Solvent-Mediated Synthesis of Amorphous Li3PS4/Polyethylene Oxide Composite Solid Electrolytes with High Li+ Conductivity

Solvent-mediated routes have emerged as an effective, scalable, and low-temperature method to fabricate sulfide-based solid-state electrolytes. However, tuning the synthesis conditions to optimize the electrolyte’s morphology, structure, and electrochemical properties is still underexplored. Here, we report a new class of composite solid electrolytes (SEs) containing amorphous Li₃PS₄ synthesized in situ with a poly(ethylene oxide) (PEO) binder using a one-pot, solvent-mediated route. The solvent and thermal processing conditions have a dramatic impact on the Li₃PS₄ structure.

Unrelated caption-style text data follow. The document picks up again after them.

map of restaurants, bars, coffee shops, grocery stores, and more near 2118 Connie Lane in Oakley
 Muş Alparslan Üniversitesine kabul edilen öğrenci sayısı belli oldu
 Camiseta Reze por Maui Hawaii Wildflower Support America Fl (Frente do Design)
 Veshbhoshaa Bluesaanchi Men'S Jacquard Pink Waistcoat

Conducting the synthesis in tetrahydrofuran resulted in crystalline β-Li₃PS₄ whereas acetonitrile led to amorphous Li₃PS₄. Annealing at 140 °C increased the Li⁺ conductivity of an amorphous composite (Li₃PS₄ + 1 wt % PEO) by 3 orders of magnitude (e.g., from 4.5 × 10^–9 to 8.4 × 10^–6 S/cm at room temperature) because of: (i) removal of coordinated solvent and (ii) rearrangement of the polyanionic network to form P₂S₇^4– and PS₄^3– moieties. The PEO content in these composites should be limited to 1–5 wt % to ensure reasonable Li+ conductivity (e.g., up to 1.1 × 10^–4 S/cm at 80 °C) while providing enough binder to facilitate scalable processing. Here, the results of this study highlight a new strategy to suppress crystallization in sulfide-based SEs, which has important implications for solid-state batteries.